**ACTIVITY**
Please reproduce the lines from the one containing "Invariance Principles and" through the end of the data below exactly as they stand, and omit all pictures.
***
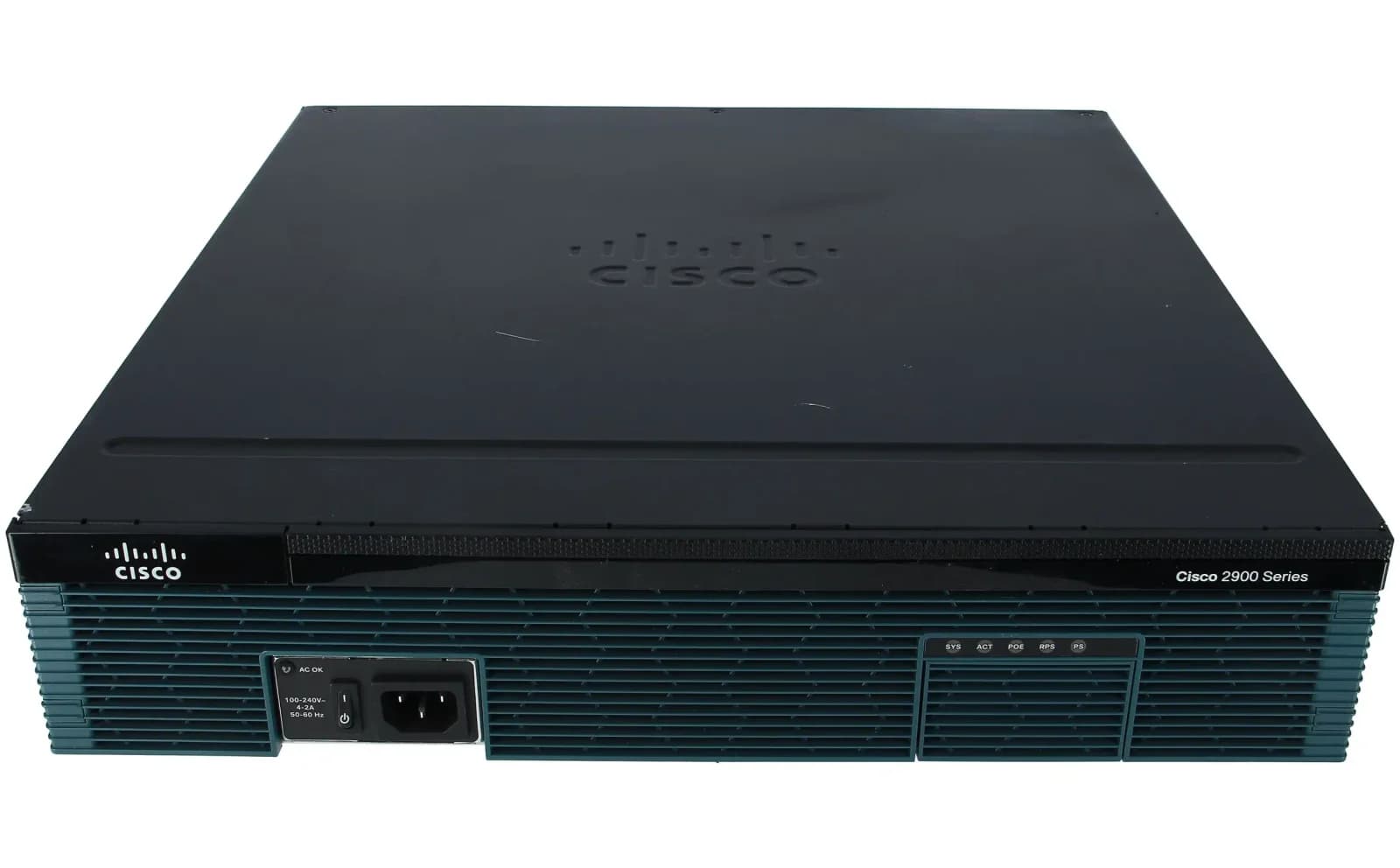 Cisco VPN ISM module HSEC bundles for 2951 ISR platform (CISCO2951-HSEC-K9)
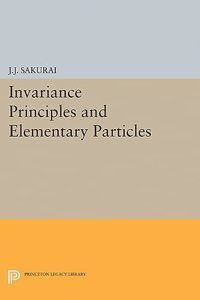 Invariance Principles and Elementary Particles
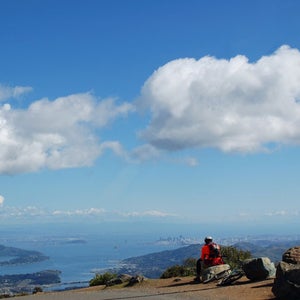 mount tamalpais mountain biking san francisco bay area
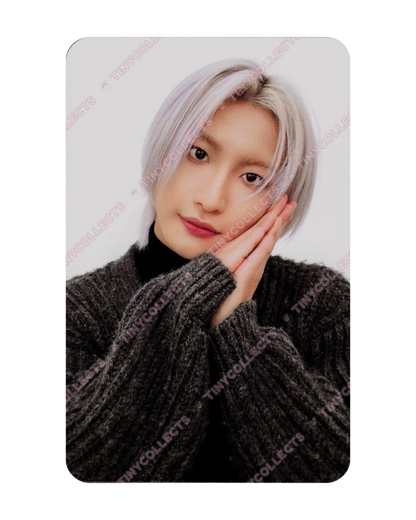 Seonghwa 50k purchase benefit Aniteez in Dreamland ATEEZ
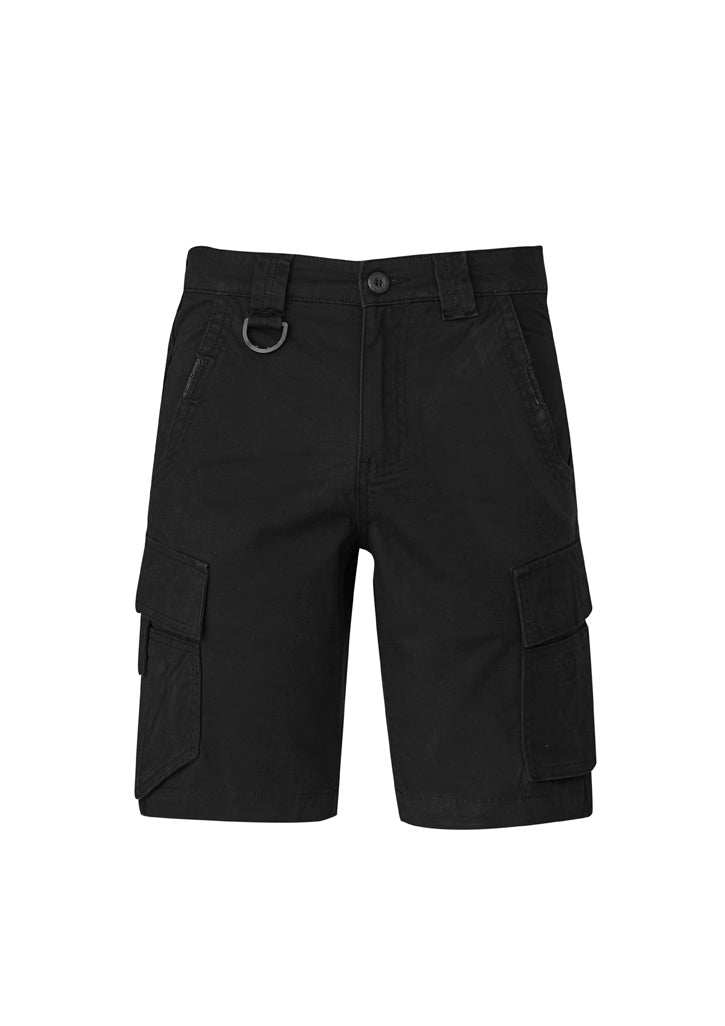 ZS360 - Mens Streetworx Curved Cargo Short - UNBRANDED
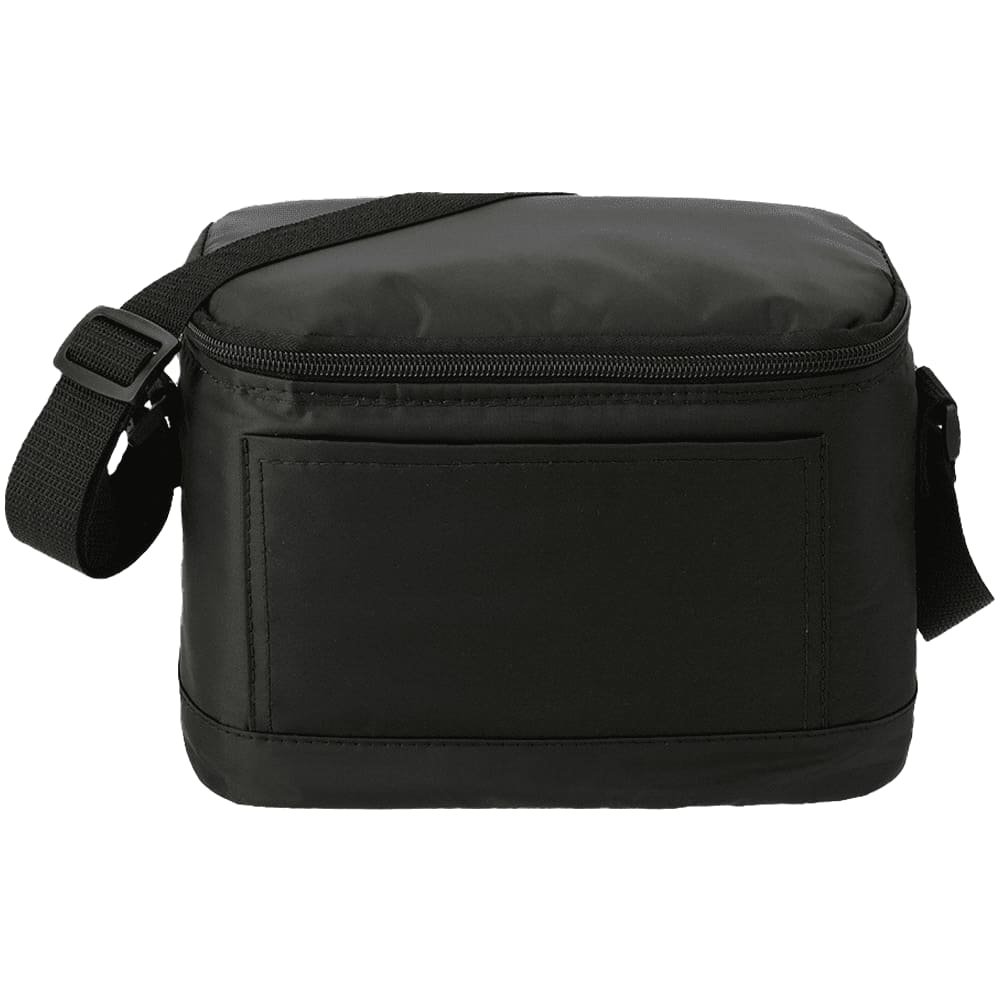 Classic Insulated 6-Can Cooler Lunch Bag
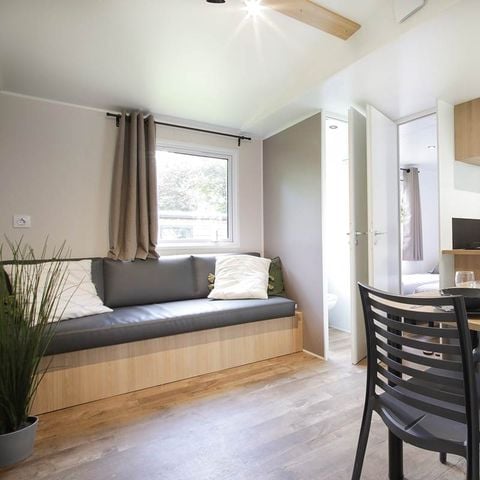 MOBILHOME 5 personas - NEST 29 - TV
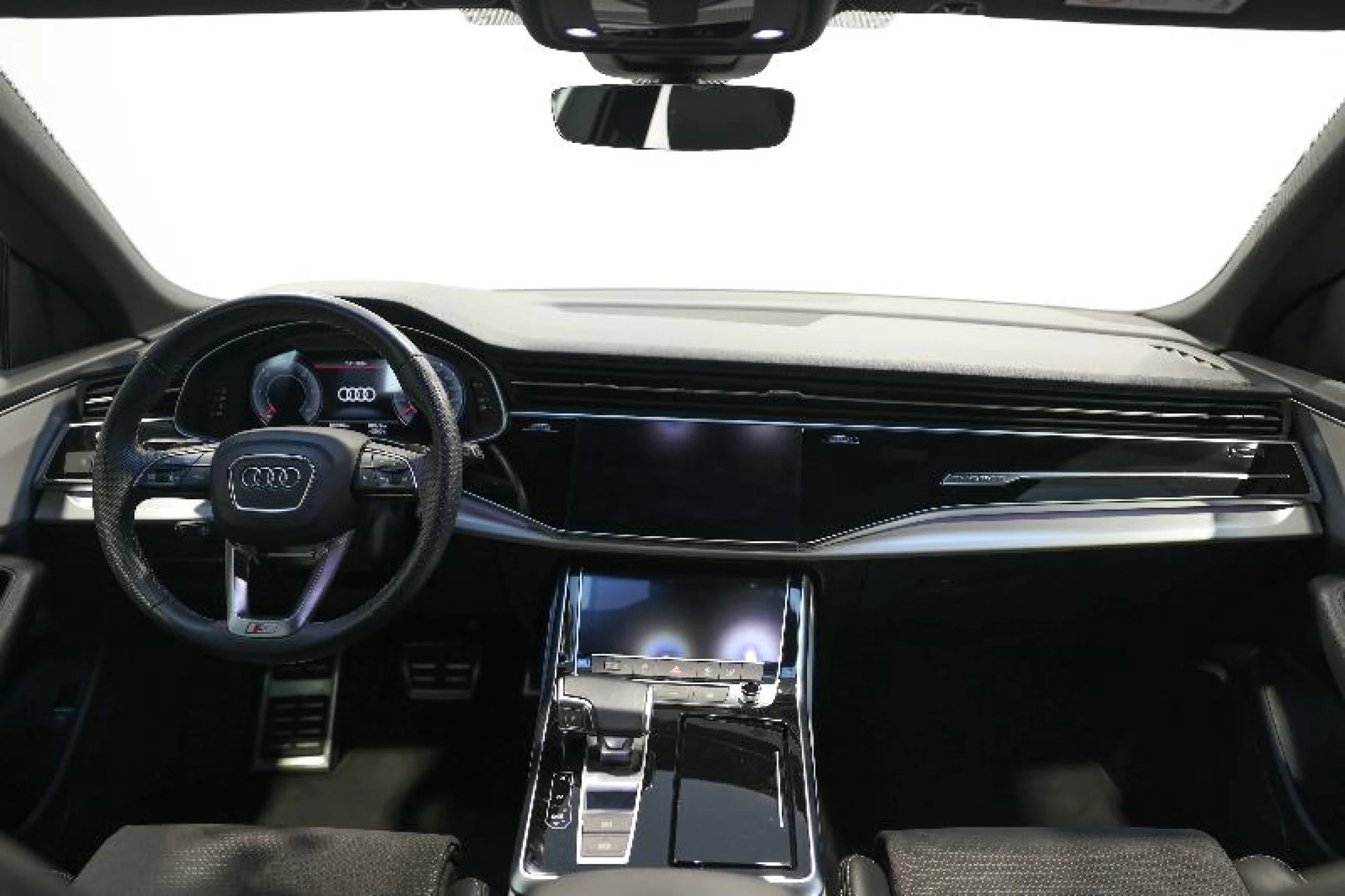 AUDI Q8 45 TDI 170KW BLACK L QUATTRO TIPTRONIC - Foto 8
***
**ANSWER**
 Invariance Principles and Elementary Particles
 mount tamalpais mountain biking san francisco bay area
 Seonghwa 50k purchase benefit Aniteez in Dreamland ATEEZ
 ZS360 - Mens Streetworx Curved Cargo Short - UNBRANDED
 Classic Insulated 6-Can Cooler Lunch Bag
 MOBILHOME 5 personas - NEST 29 - TV
 AUDI Q8 45 TDI 170KW BLACK L QUATTRO TIPTRONIC - Foto 8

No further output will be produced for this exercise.